Developing interdisciplinary units: A strategy based on problem solving
School Science and Mathematics, Nov 2001 by McGehee, Jean J
While the benefits of the interdisciplinary unit are well documented, it presents a complex challenge to teachers in the natural and social sciences, mathematics, and humanities. Teachers must become active curriculum designers who shape and edit the curriculum according to students' needs. This paper describes knowledge for teachers as curriculum designers and a framework for interdisciplinary unit development. The framework addresses a metacurricular process (problem solving) that will be the unit centerpiece, the development of this central process related to the learner, and the tasks that teach explicit learning and thinking skills attached to the central process. An example of the framework in action is also described As the faculty and curriculum coordinators for an innovative summer academy for minority students in northern Arizona have used this framework, they have evolved from a group that created a good idea to interest students with parallel subject development in separate classrooms to humanities/mathematics/science teams united in one team/classroom, in which content is integrated through the actions of the problem solving process.

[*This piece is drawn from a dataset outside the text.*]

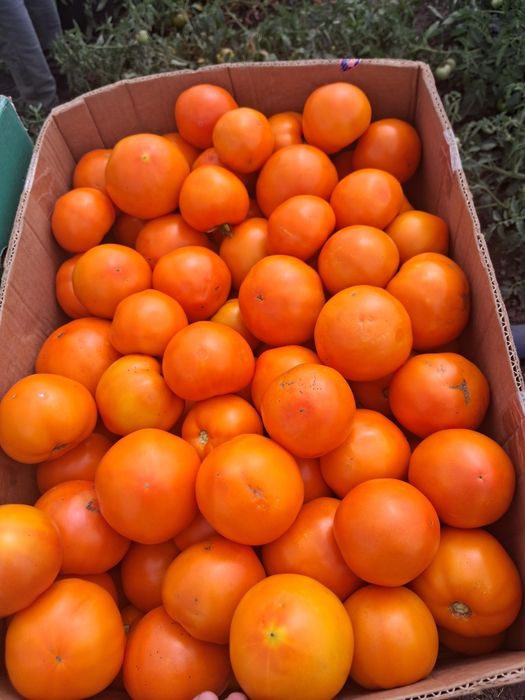 продам помидор асвон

The literature on interdisciplinary curricula is rich with creative examples integrating mathematics, physical and life sciences, and the humanities. The benefits to student motivation and self-esteem are well documented (Rothenberg, 1994; Schroth, Dunbar, Seaborg, & Vaughan, 1994). The curricula meet a need to actively show students how different disciplines influence their lives and allow them to explore the strength of each discipline perspective in a connected way (Jacobs, 1989).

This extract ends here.